Gelişmiş ülkelerde sık kullanılan nükleer görüntüleme yöntemleri son yıllarda ülkemizde de sıkça başvurulan tetkikler haline gelmiştir. İKH tanısı için yapılan standart MPS'nin yanısıra son yıllarda "sol ventrikül fonksiyon bozukluğu olan kronik koroner arter hastalığında" revaskülarizasyon girişimlerinin "canlı doku" varlığında mortalitede önemli düzeyde iyileşme sağlaması, miyokard canlılığının belirlenmesini, bu tür hastalarda kritik noktaya taşımıştır. Günümüzde miyokard canlılığının belirlenmesi için başvurulan yöntemlerin neredeyse tümü nükleer kardiyolojik yöntemlerdir. Yine son yıllarda "kalp vurumları ile eşlendirilmiş SPECT" (1) olarak da tanımlanabilen "gated SPECT" yöntemi, MPS ile birlikte aynı anda "sol ventrikül duvar hareketlerinin ve ejeksiyon fraksiyonunun" değerlendirilmesine imkan verebilmektedir.

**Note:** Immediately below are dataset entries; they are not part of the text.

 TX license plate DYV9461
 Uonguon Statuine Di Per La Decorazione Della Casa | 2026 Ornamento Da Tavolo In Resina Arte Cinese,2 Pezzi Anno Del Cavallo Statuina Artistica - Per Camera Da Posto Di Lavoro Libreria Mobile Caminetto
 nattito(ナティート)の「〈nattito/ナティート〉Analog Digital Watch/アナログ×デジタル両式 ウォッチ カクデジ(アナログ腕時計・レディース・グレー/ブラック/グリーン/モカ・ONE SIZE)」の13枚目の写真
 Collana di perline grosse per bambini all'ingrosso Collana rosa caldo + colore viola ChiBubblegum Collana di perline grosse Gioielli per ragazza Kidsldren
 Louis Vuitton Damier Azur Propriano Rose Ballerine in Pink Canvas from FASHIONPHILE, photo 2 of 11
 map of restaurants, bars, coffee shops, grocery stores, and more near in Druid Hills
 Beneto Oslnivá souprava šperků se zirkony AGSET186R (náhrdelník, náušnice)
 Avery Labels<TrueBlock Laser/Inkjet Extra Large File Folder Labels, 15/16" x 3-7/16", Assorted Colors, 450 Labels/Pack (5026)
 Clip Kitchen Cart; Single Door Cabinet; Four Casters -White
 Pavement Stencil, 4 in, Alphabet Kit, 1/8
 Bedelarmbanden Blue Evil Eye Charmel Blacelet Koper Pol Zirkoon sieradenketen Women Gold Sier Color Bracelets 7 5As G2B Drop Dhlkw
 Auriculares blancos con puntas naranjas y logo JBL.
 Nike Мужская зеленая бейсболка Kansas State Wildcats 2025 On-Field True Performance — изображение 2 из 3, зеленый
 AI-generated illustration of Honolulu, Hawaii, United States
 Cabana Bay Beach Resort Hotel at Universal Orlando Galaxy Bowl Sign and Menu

Son yıllarda üzerinde yoğunlaşılan diğer bir konu da, acil servislerde akut koroner sendrom şüphesi ile değerlendirilen hastaların incelenmesinde başvurulan "akut rest MPS" yöntemidir.
Bu kitapçıkta konvansiyonel nükleer kardiyolojik yöntemler ile son yıllarda sık başvurulan canlı doku tanısı, "gated SPECT" ve "acil serviste MPS" uygulamaları gibi konular, pratik ve özet bir bakış açısıyla ele alınmıştır. Nükleer kardiyolojinin oldukça karmaşık ve uzmanlık bilgisi gerektiren teknik detaylarından kaçınılarak klinik bakış açısıyla ve son yıllardaki gelişmelerin ışığında özlü bir sunum amaçlanmıştır.